Foi precisamente uma dessas memórias, dos tempos em que ia ao Estádio da Luz com o meu pai, que me trouxe até esta crónica. Invariavelmente, após essas tardes bem passadas, (umas mais felizes que outras por conta do resultado e do quanto isso afeta um fervoroso adepto, sobretudo na pré-adolescência ) mas sempre em boa companhia, o ritual levava-nos a comer o que o meu pai tratava por “um bifinho” com molho, que era uma forma carinhosa de definir o pós jogo e que alternávamos com um maravilhoso pica pau do lombo.

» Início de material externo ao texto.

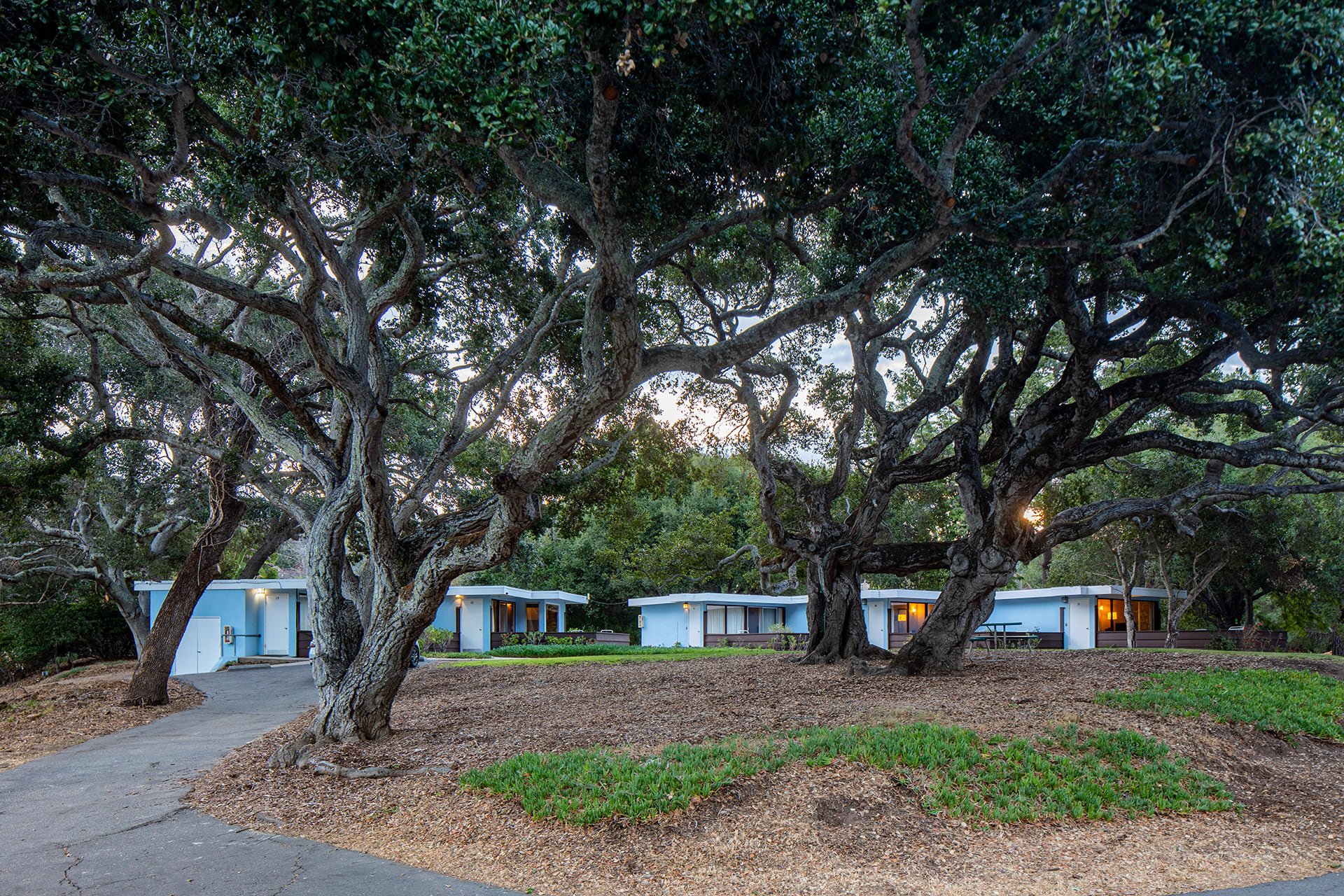 Blue Sky Lodge - Carmel Valley Village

Nessas minhas caminhadas, passo regularmente por ambas as “catedrais” onde íamos “forrar” o estômago, depois do jogo. O primeiro, a Cervejaria Trindade, desenhada no antigo Convento da Trindade, um espaço histórico, decorado com azulejo na rua com o mesmo nome, mas também o famoso pica pau à portuguesa na Cervejaria Pinóquio, em plena Praça dos Restauradores, ao fundo da Avenida da Liberdade. Com nova gerência desde 2018 e pertença de um grupo hoteleiro, o icónico espaço precisou de se mudar provisoriamente para a Rua de Santa Justa enquanto os proprietários realizavam obras no prédio antigo, para dar lugar a um novo hotel denominado Blue Liberdade, mas mantendo os empregados e a qualidade do costume. Agora findos os trabalhos, regressou à praça onde se tornou referência, de cara lavada mas com os sabores de antigamente. Um belo exemplo de evolução respeitando o património histórico existente.
Quanto à Cervejaria Trindade, das vezes que por lá tenho passado tenho-a visto sempre encerrada. Do que procurei saber foi-me dito que tinha encerrado permanentemente. Espero sinceramente que a informação que recolhi esteja errada. Embora nos últimos anos a qualidade já não fosse a mesma e se tenha perdido o hábito de parar o carro em frente só para ir comer um croquete e beber uma imperial, este é daqueles nomes que devia perdurar no tempo como parte da história da restauração lisboeta. Se seguir o caminho de outros, será assegurado por um dos muitos chefs que se acotovelam por aí, retirando-lhe a genuinidade que sempre a caracterizou. Aguardarei com expectativa, até lá vou-me contentando com um Pinóquio renovado e preparado para mais 40 anos de sucesso e a quem desejo o melhor.